What is expected: Scan the records below for the line with "3 Bed Kings Cross Guest House" and the line with "Karla Kaplı Yollar", and retype that range exactly, both ends included, pictures excepted.

Extracted entries:
--------------------------------
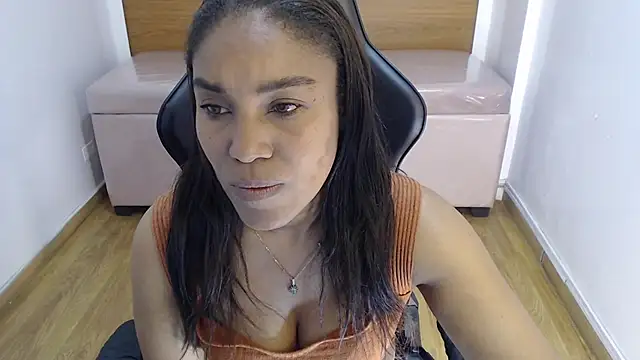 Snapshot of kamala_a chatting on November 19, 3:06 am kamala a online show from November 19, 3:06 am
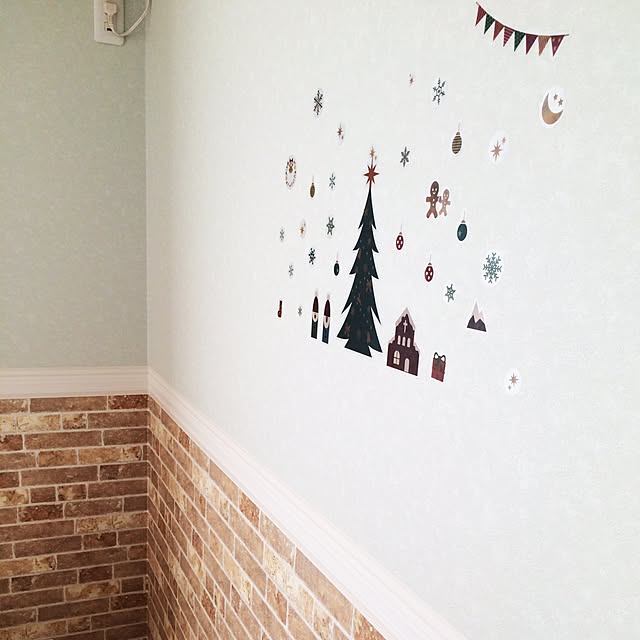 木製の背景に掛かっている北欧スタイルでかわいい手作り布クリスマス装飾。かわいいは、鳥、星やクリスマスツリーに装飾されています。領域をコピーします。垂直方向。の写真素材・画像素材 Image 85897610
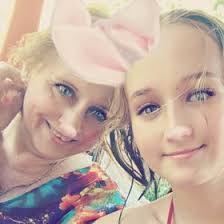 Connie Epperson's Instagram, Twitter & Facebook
--------------------------------
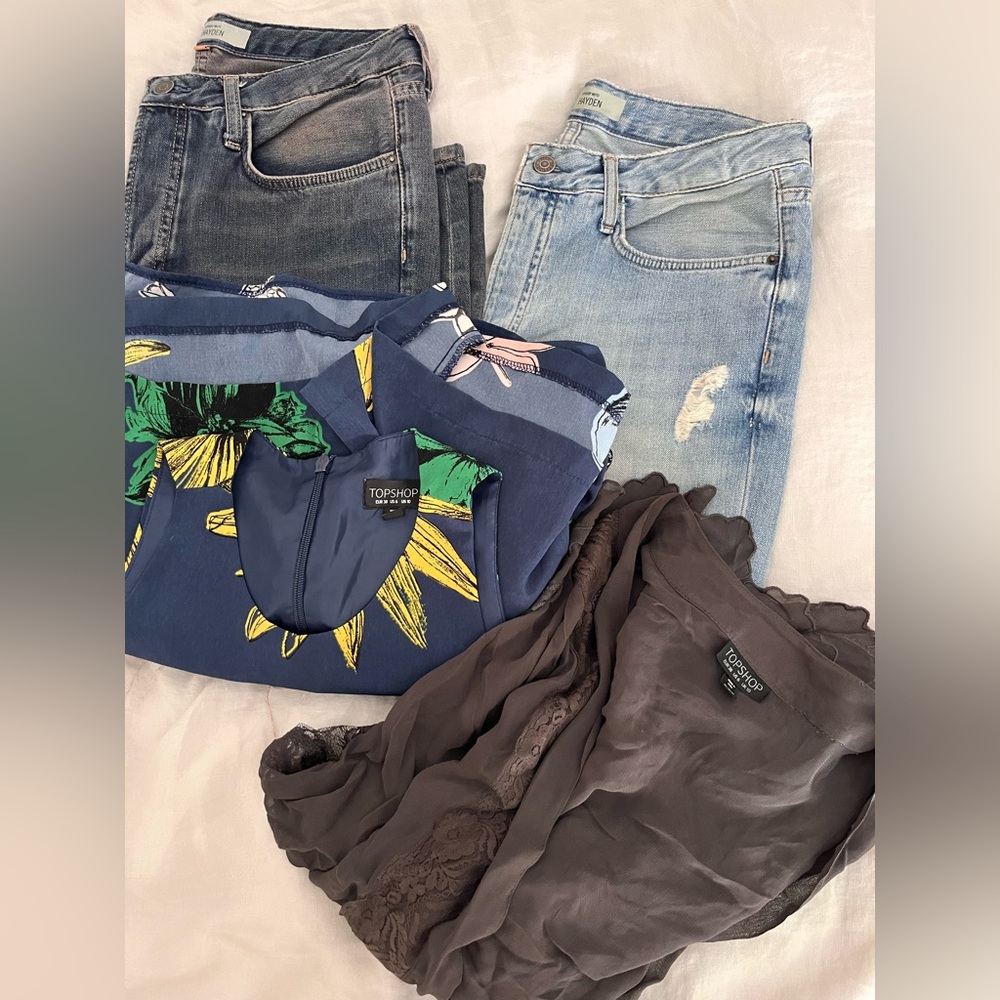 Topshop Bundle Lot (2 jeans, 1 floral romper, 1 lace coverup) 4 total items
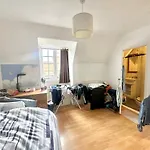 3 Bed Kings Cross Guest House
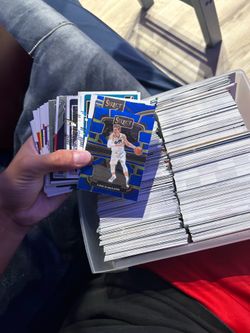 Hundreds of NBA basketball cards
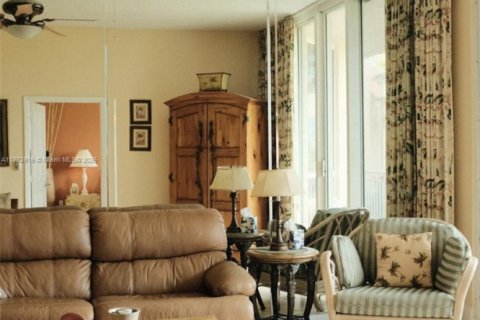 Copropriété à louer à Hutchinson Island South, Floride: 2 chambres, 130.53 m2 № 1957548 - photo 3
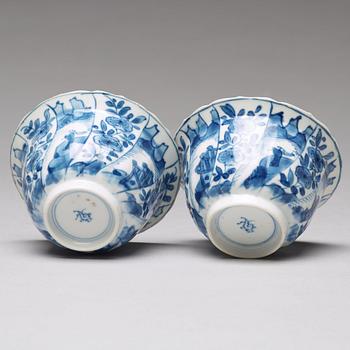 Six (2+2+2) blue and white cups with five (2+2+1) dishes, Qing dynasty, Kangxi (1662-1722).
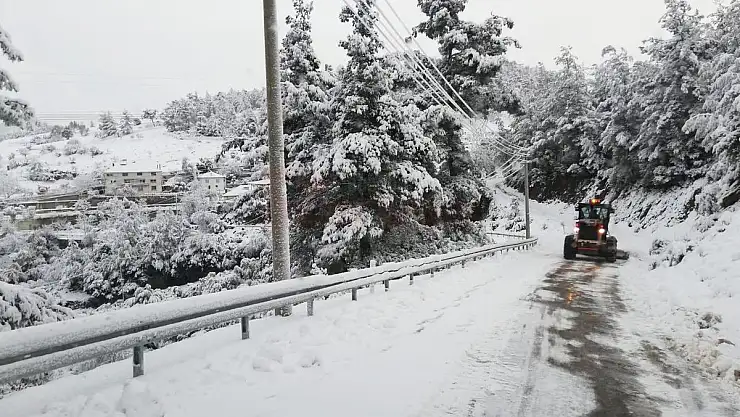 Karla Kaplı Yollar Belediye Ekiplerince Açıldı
--------------------------------
Final answer:
 3 Bed Kings Cross Guest House
 Hundreds of NBA basketball cards
 Copropriété à louer à Hutchinson Island South, Floride: 2 chambres, 130.53 m2 № 1957548 - photo 3
 Six (2+2+2) blue and white cups with five (2+2+1) dishes, Qing dynasty, Kangxi (1662-1722).
 Karla Kaplı Yollar Belediye Ekiplerince Açıldı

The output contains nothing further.